With the images removed, transcribe the listing that follows exactly.
BEGIN DATA BELOW
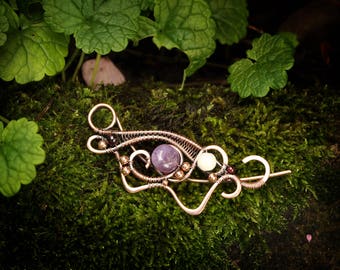 Shawl pin - Wire wrapped brooch - Gift for her - Sweater brooch - Copper pin - Scarf pin - Wire wrap pin - Birthday gift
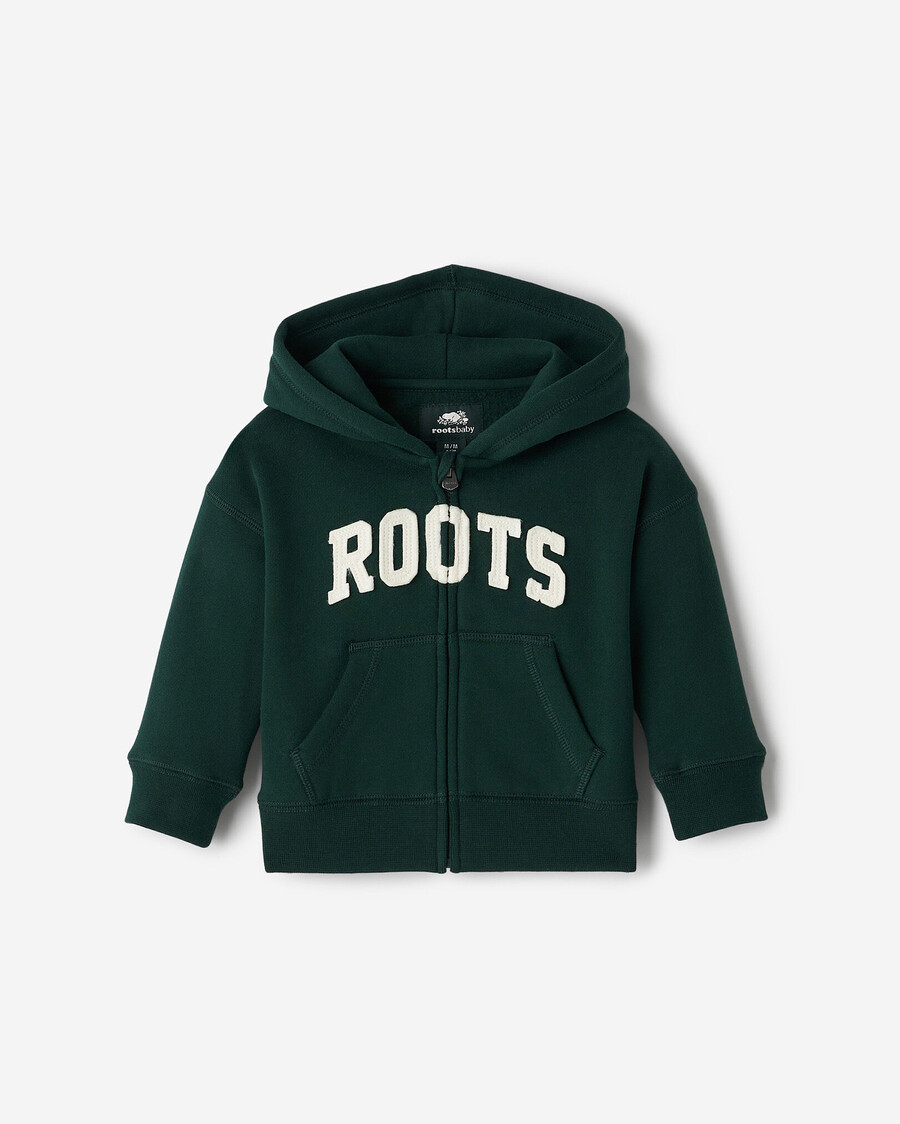 sudadera con capucha y cremallera completa con apliques baby roots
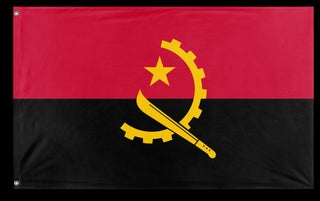 A mockup of the custom flag 'Flag of Angola flag' on a white background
END DATA BELOW
▶ SOLVED EXERCISE
 Shawl pin - Wire wrapped brooch - Gift for her - Sweater brooch - Copper pin - Scarf pin - Wire wrap pin - Birthday gift
 sudadera con capucha y cremallera completa con apliques baby roots
 A mockup of the custom flag 'Flag of Angola flag' on a white background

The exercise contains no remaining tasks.